§ **TASK PROMPT**:
Nothing but the records themselves, exactly as written and free of pictures, should appear in your response.

* * *

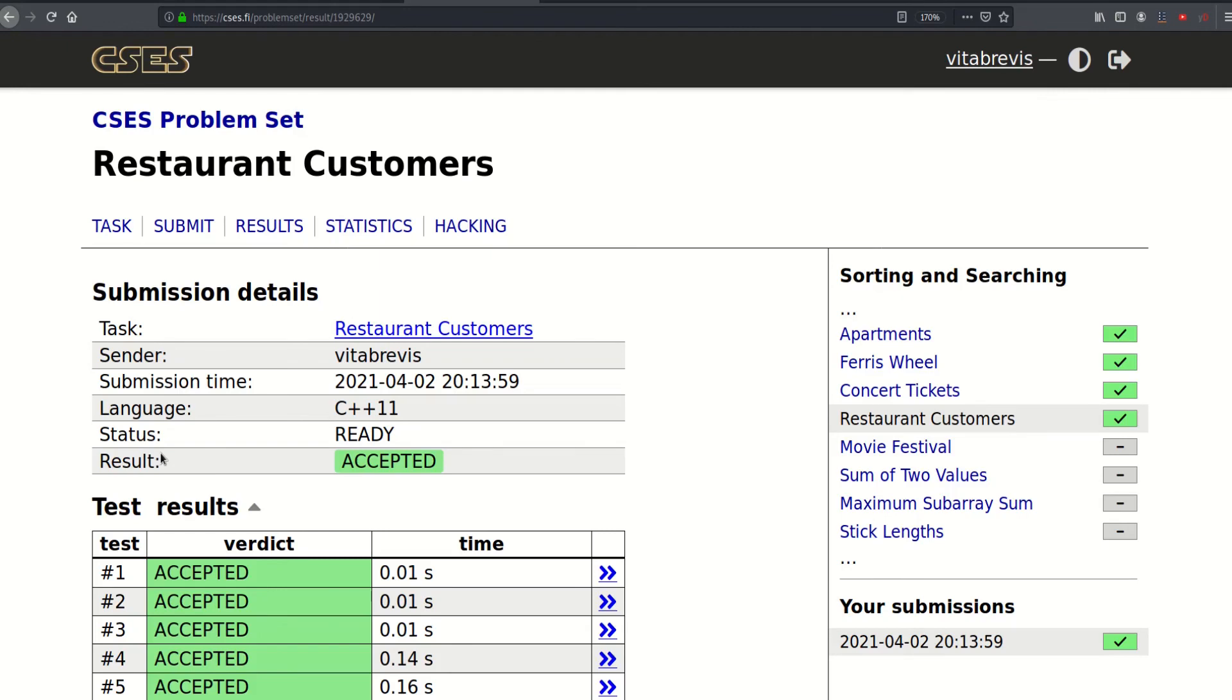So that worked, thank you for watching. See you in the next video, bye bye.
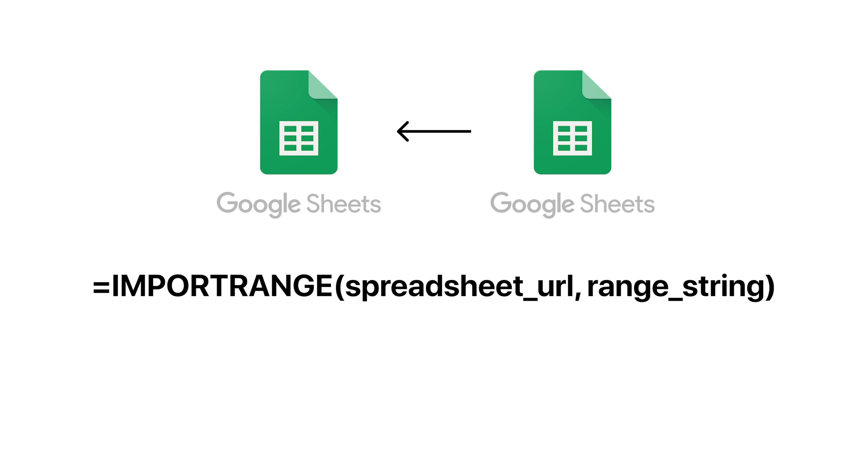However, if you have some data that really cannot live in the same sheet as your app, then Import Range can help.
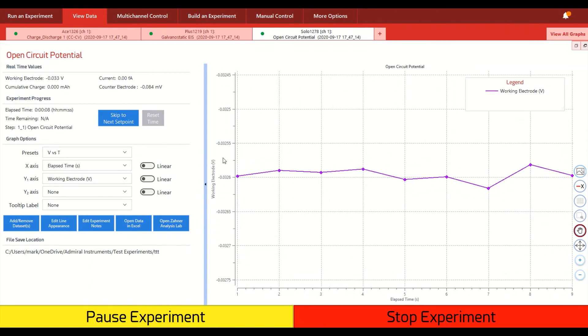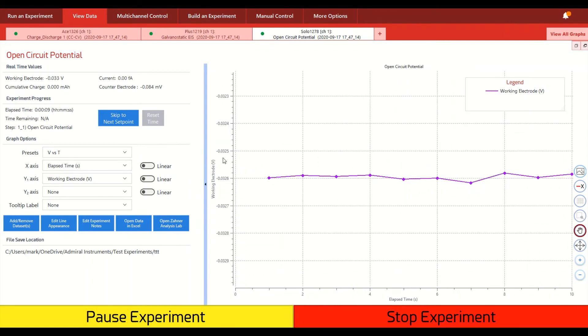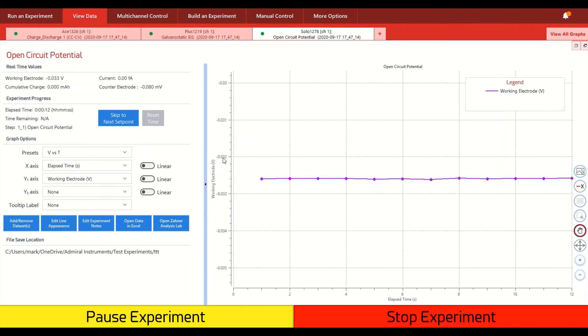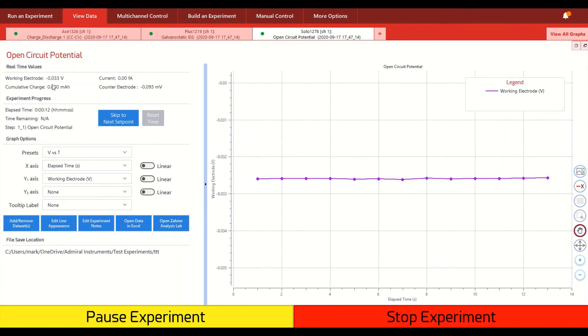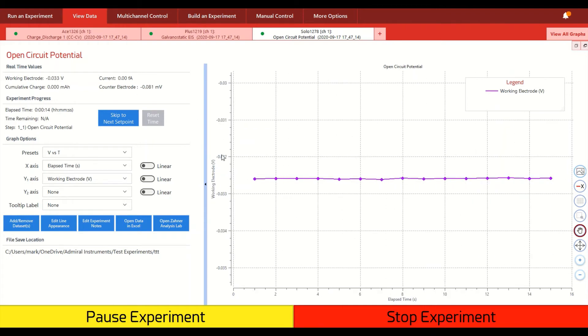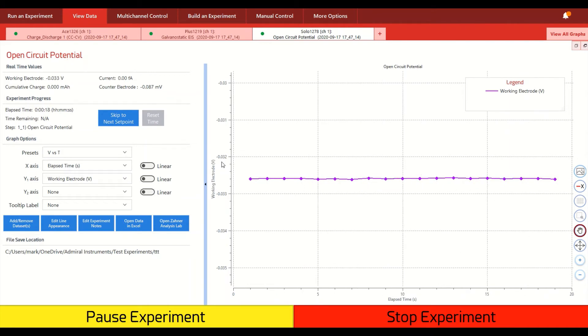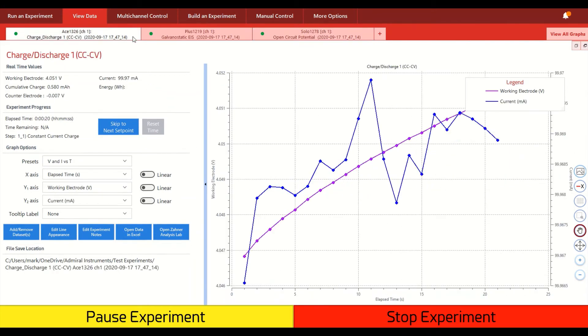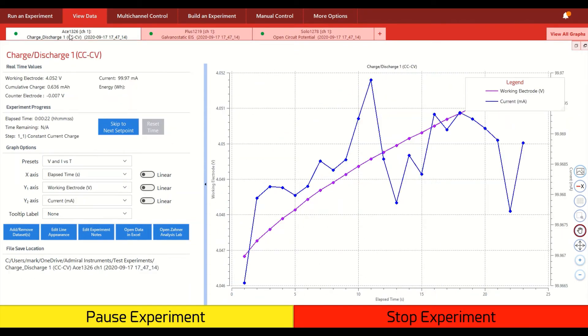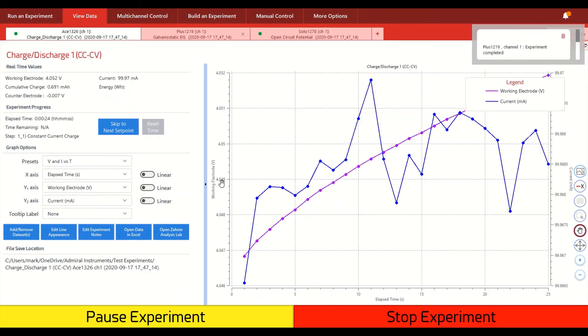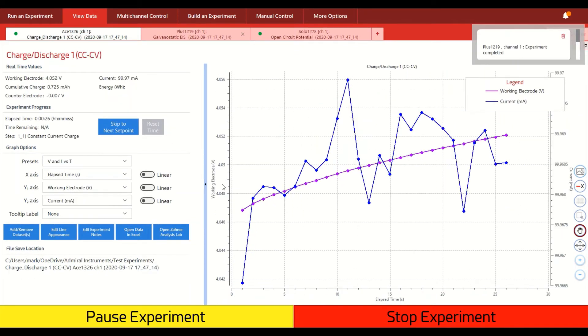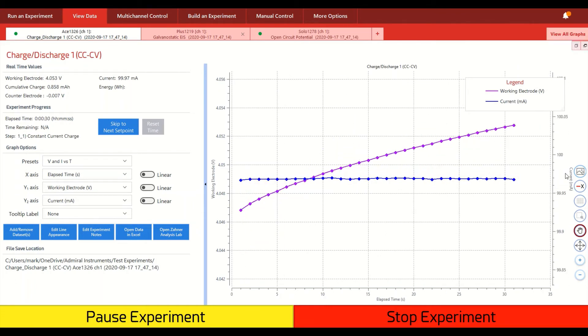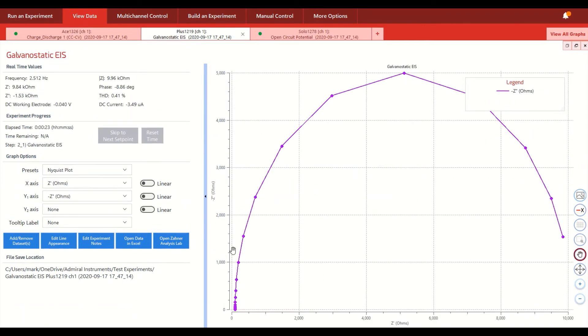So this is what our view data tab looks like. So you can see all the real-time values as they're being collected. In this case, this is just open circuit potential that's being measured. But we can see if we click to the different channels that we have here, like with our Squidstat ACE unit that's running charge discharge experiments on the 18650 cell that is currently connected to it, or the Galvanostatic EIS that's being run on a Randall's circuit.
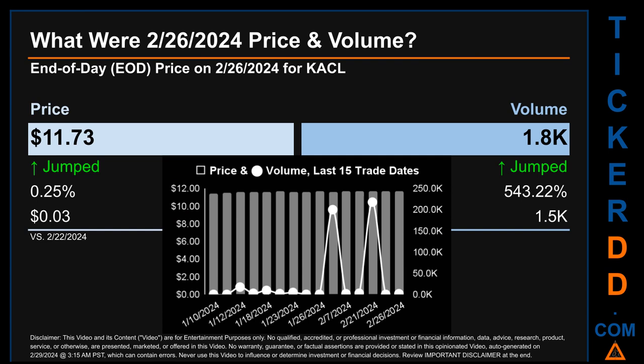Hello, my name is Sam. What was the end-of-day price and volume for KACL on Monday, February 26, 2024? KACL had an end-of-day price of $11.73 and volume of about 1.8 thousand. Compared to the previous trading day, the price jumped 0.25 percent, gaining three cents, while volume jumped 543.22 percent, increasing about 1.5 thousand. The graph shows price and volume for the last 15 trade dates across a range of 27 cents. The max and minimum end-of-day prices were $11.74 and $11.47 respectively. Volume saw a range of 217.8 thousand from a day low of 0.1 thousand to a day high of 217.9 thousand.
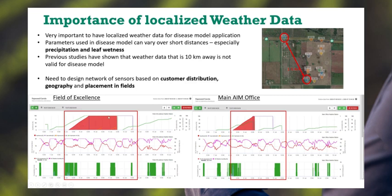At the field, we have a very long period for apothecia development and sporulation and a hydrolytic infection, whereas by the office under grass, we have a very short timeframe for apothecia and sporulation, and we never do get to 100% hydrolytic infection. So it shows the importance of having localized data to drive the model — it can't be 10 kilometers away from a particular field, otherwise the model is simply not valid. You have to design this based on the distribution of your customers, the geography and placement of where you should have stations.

* * *

§ **SOLUTION TO THE PROBLEM**:
So that worked, thank you for watching. See you in the next video, bye bye.
However, if you have some data that really cannot live in the same sheet as your app, then Import Range can help.
So this is what our view data tab looks like. So you can see all the real-time values as they're being collected. In this case, this is just open circuit potential that's being measured. But we can see if we click to the different channels that we have here, like with our Squidstat ACE unit that's running charge discharge experiments on the 18650 cell that is currently connected to it, or the Galvanostatic EIS that's being run on a Randall's circuit.
Hello, my name is Sam. What was the end-of-day price and volume for KACL on Monday, February 26, 2024? KACL had an end-of-day price of $11.73 and volume of about 1.8 thousand. Compared to the previous trading day, the price jumped 0.25 percent, gaining three cents, while volume jumped 543.22 percent, increasing about 1.5 thousand. The graph shows price and volume for the last 15 trade dates across a range of 27 cents. The max and minimum end-of-day prices were $11.74 and $11.47 respectively. Volume saw a range of 217.8 thousand from a day low of 0.1 thousand to a day high of 217.9 thousand.
At the field, we have a very long period for apothecia development and sporulation and a hydrolytic infection, whereas by the office under grass, we have a very short timeframe for apothecia and sporulation, and we never do get to 100% hydrolytic infection. So it shows the importance of having localized data to drive the model — it can't be 10 kilometers away from a particular field, otherwise the model is simply not valid. You have to design this based on the distribution of your customers, the geography and placement of where you should have stations.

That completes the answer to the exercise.